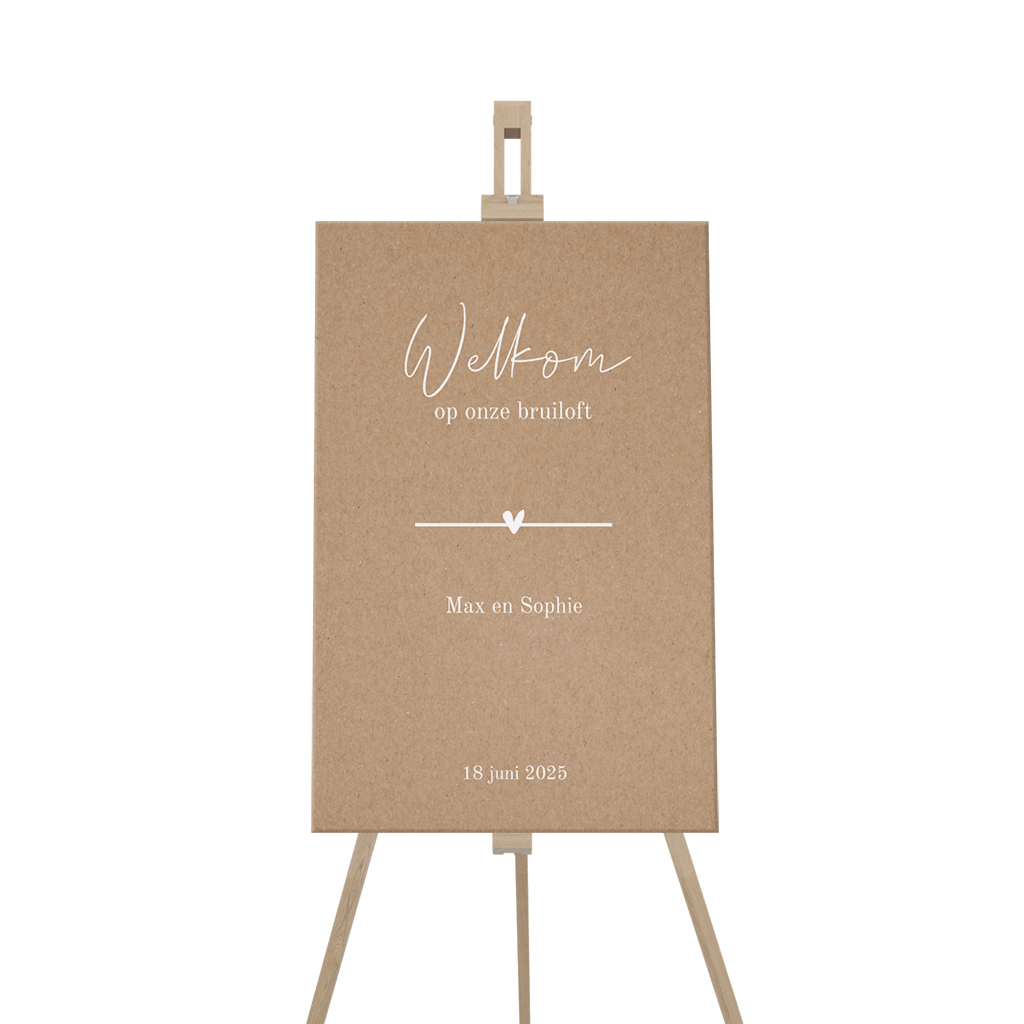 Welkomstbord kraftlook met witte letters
* * * * * * *
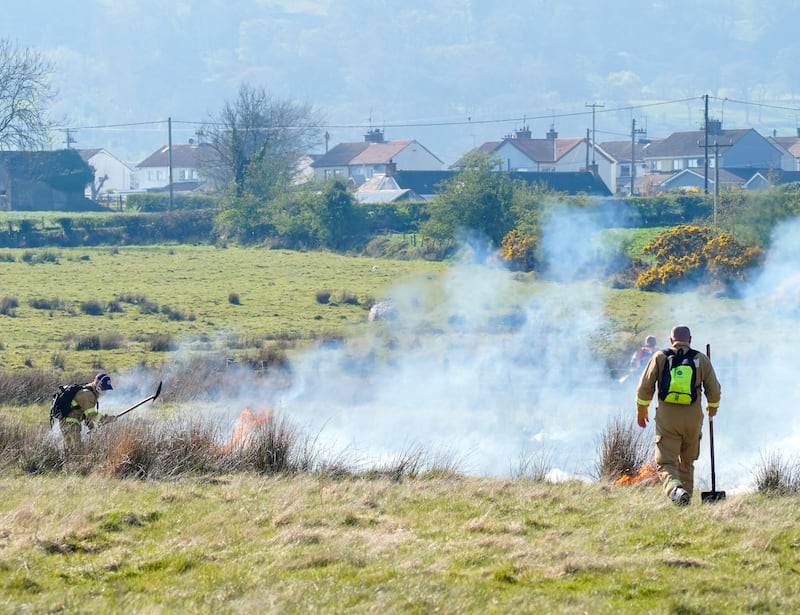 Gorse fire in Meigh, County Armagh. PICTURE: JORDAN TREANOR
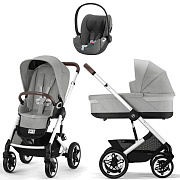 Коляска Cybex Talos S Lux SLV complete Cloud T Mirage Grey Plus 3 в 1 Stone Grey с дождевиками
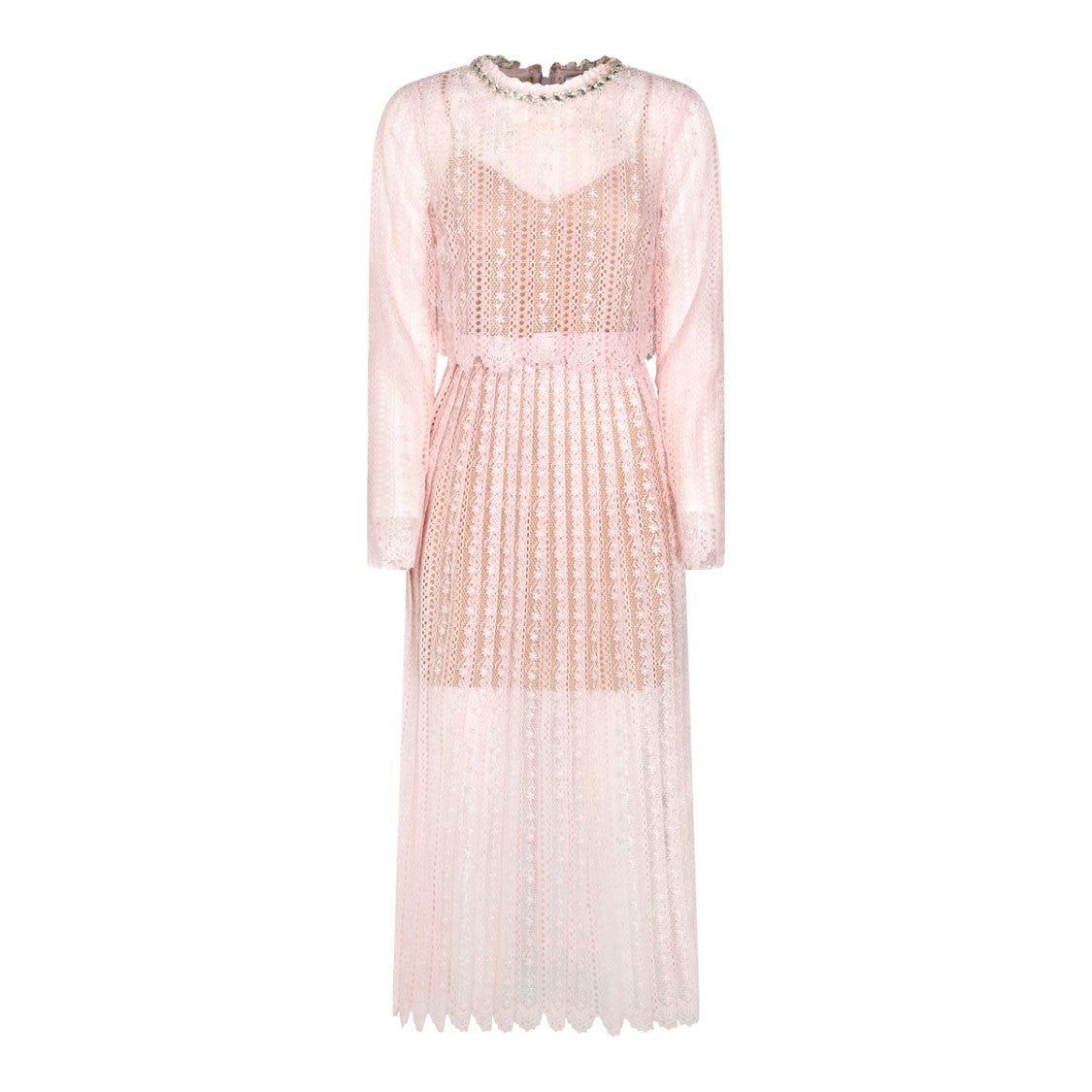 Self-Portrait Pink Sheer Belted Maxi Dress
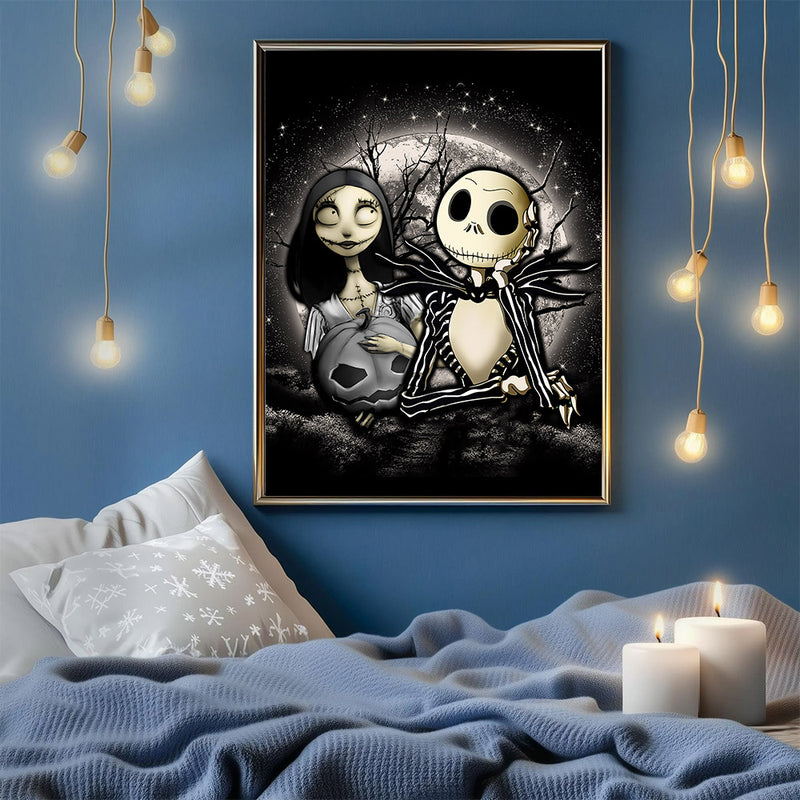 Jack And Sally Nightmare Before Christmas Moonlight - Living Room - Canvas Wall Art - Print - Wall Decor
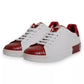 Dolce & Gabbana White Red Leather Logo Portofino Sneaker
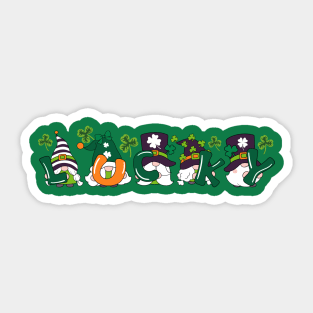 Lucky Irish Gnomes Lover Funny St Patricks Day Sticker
* * * * * * *
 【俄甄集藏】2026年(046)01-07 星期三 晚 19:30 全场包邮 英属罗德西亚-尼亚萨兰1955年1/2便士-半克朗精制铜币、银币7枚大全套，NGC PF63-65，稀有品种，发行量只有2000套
* * * * * * *
**Work instructions**
Only the lines starting at the one with "Коляска Cybex Talos" and ending at the one with "Lucky Irish Gnomes" should be printed, each exactly as it appears in the material above; the pictures are to be omitted.

**Written response**
 Коляска Cybex Talos S Lux SLV complete Cloud T Mirage Grey Plus 3 в 1 Stone Grey с дождевиками
 Self-Portrait Pink Sheer Belted Maxi Dress
 Jack And Sally Nightmare Before Christmas Moonlight - Living Room - Canvas Wall Art - Print - Wall Decor
 Dolce & Gabbana White Red Leather Logo Portofino Sneaker
 Lucky Irish Gnomes Lover Funny St Patricks Day Sticker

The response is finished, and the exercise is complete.